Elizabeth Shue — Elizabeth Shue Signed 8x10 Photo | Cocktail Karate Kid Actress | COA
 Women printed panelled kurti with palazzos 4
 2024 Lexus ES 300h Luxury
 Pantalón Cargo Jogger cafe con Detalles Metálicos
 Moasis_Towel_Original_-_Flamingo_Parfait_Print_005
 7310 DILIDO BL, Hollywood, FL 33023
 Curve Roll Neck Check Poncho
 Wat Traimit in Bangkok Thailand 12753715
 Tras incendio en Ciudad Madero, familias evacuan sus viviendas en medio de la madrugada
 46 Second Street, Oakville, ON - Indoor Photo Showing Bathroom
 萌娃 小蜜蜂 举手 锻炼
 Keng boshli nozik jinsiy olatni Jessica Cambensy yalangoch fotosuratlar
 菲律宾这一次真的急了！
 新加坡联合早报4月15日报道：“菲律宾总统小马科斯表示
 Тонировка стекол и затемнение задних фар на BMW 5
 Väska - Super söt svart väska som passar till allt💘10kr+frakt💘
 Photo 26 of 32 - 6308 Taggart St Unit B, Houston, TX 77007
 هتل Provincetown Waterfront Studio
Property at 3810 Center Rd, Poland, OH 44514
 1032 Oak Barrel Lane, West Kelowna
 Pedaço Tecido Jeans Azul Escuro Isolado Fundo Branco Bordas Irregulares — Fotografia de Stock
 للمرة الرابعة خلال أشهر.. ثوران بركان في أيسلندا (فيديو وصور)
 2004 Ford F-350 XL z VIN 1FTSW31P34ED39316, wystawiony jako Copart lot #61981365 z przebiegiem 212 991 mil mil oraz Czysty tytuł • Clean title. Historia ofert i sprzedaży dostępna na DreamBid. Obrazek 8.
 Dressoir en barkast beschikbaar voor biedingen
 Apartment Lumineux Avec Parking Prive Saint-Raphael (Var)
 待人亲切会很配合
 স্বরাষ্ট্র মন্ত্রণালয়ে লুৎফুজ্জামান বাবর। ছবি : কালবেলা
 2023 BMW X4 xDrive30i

_What you will do_:
Nothing may be dropped or altered. Copy every line above.

_Solved problem_:
Elizabeth Shue — Elizabeth Shue Signed 8x10 Photo | Cocktail Karate Kid Actress | COA
 Women printed panelled kurti with palazzos 4
 2024 Lexus ES 300h Luxury
 Pantalón Cargo Jogger cafe con Detalles Metálicos
 Moasis_Towel_Original_-_Flamingo_Parfait_Print_005
 7310 DILIDO BL, Hollywood, FL 33023
 Curve Roll Neck Check Poncho
 Wat Traimit in Bangkok Thailand 12753715
 Tras incendio en Ciudad Madero, familias evacuan sus viviendas en medio de la madrugada
 46 Second Street, Oakville, ON - Indoor Photo Showing Bathroom
 萌娃 小蜜蜂 举手 锻炼
 Keng boshli nozik jinsiy olatni Jessica Cambensy yalangoch fotosuratlar
 菲律宾这一次真的急了！
 新加坡联合早报4月15日报道：“菲律宾总统小马科斯表示
 Тонировка стекол и затемнение задних фар на BMW 5
 Väska - Super söt svart väska som passar till allt💘10kr+frakt💘
 Photo 26 of 32 - 6308 Taggart St Unit B, Houston, TX 77007
 هتل Provincetown Waterfront Studio
Property at 3810 Center Rd, Poland, OH 44514
 1032 Oak Barrel Lane, West Kelowna
 Pedaço Tecido Jeans Azul Escuro Isolado Fundo Branco Bordas Irregulares — Fotografia de Stock
 للمرة الرابعة خلال أشهر.. ثوران بركان في أيسلندا (فيديو وصور)
 2004 Ford F-350 XL z VIN 1FTSW31P34ED39316, wystawiony jako Copart lot #61981365 z przebiegiem 212 991 mil mil oraz Czysty tytuł • Clean title. Historia ofert i sprzedaży dostępna na DreamBid. Obrazek 8.
 Dressoir en barkast beschikbaar voor biedingen
 Apartment Lumineux Avec Parking Prive Saint-Raphael (Var)
 待人亲切会很配合
 স্বরাষ্ট্র মন্ত্রণালয়ে লুৎফুজ্জামান বাবর। ছবি : কালবেলা
 2023 BMW X4 xDrive30i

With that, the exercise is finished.